Exercise brief → The expected response is the full listing, retyped exactly, without its images.

Raw data →

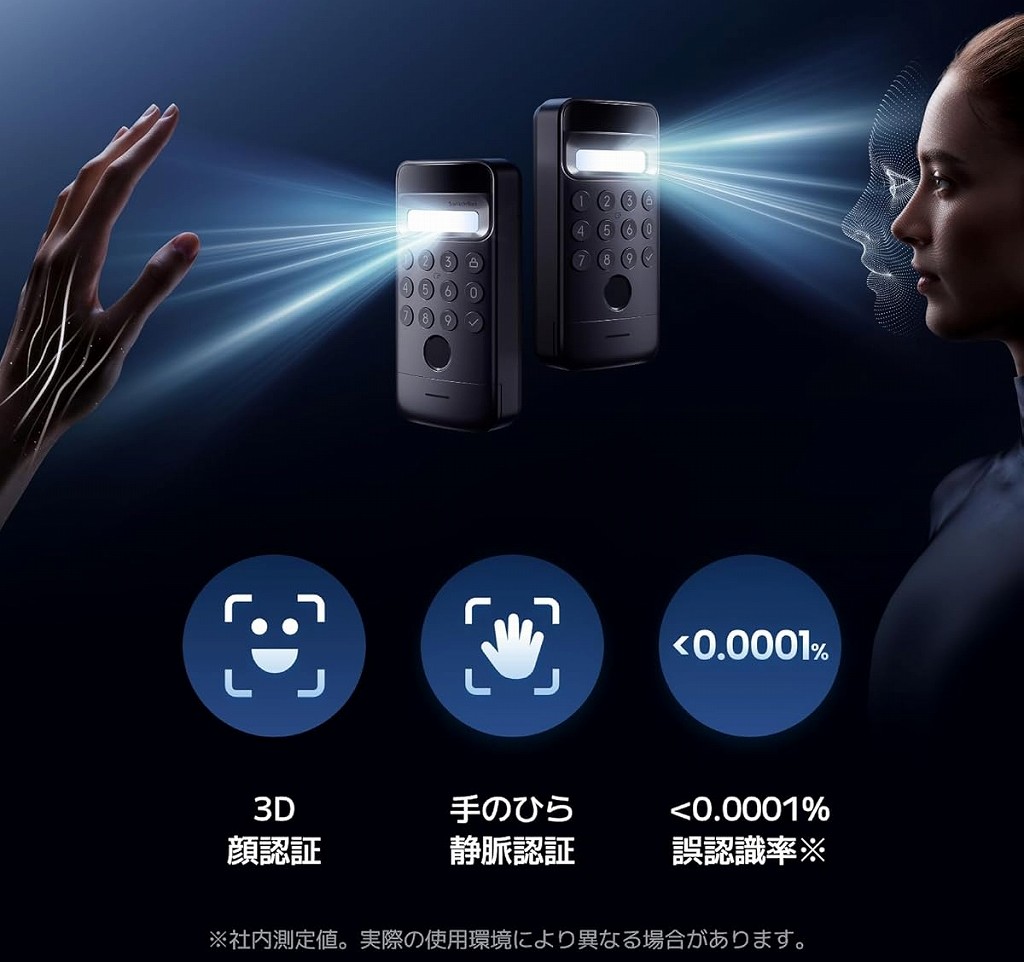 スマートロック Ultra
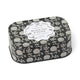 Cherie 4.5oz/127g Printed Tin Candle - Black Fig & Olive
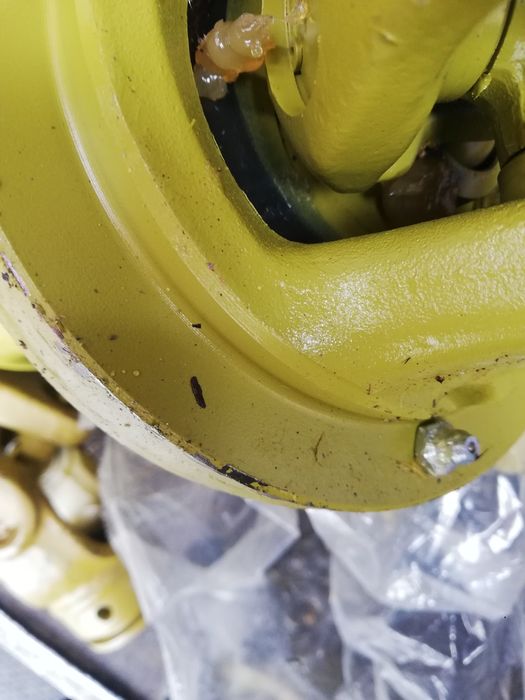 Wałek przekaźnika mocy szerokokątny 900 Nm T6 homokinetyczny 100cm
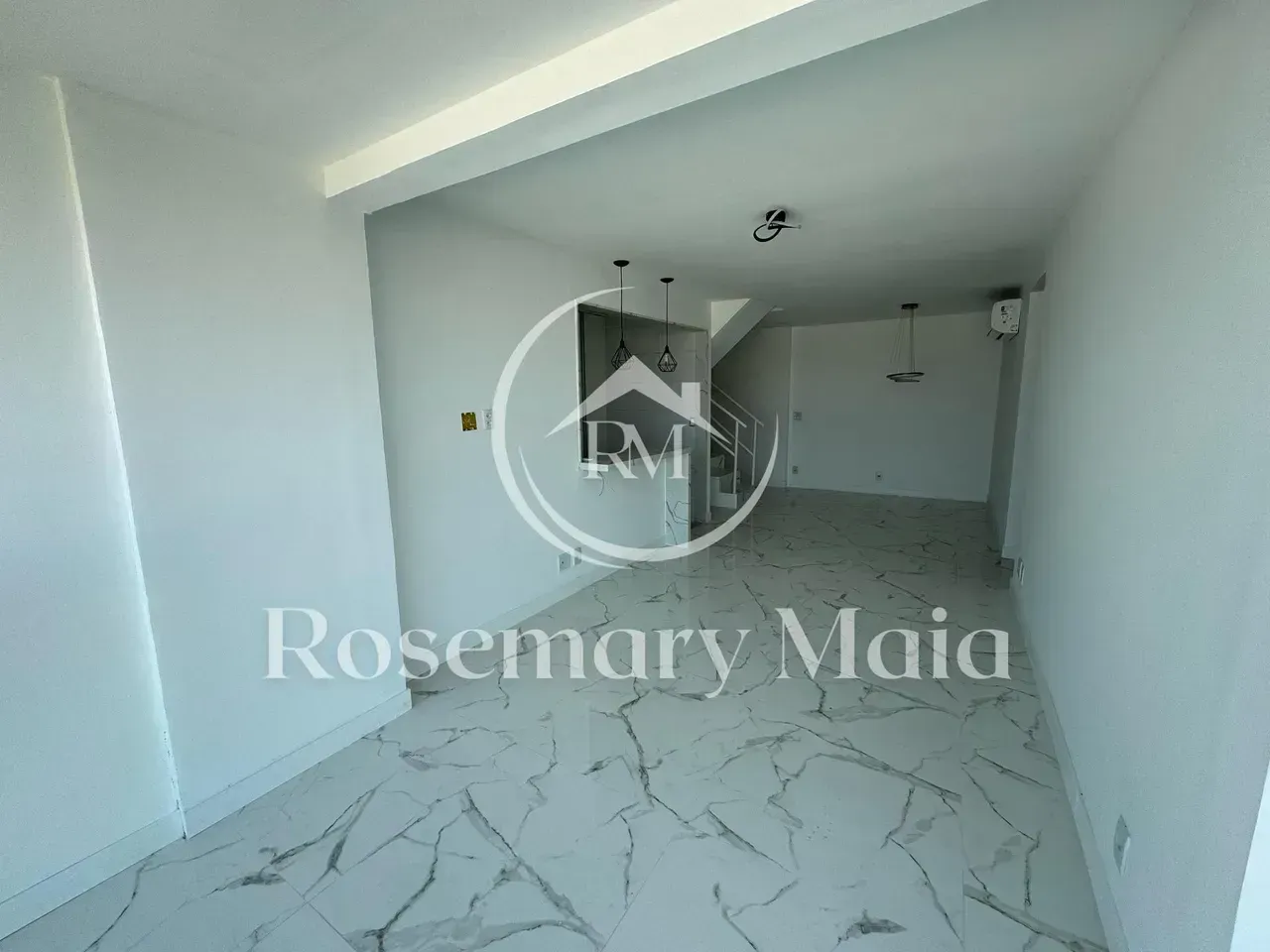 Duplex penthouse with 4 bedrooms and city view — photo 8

Written solution →
 スマートロック Ultra
 Cherie 4.5oz/127g Printed Tin Candle - Black Fig & Olive
 Wałek przekaźnika mocy szerokokątny 900 Nm T6 homokinetyczny 100cm
 Duplex penthouse with 4 bedrooms and city view — photo 8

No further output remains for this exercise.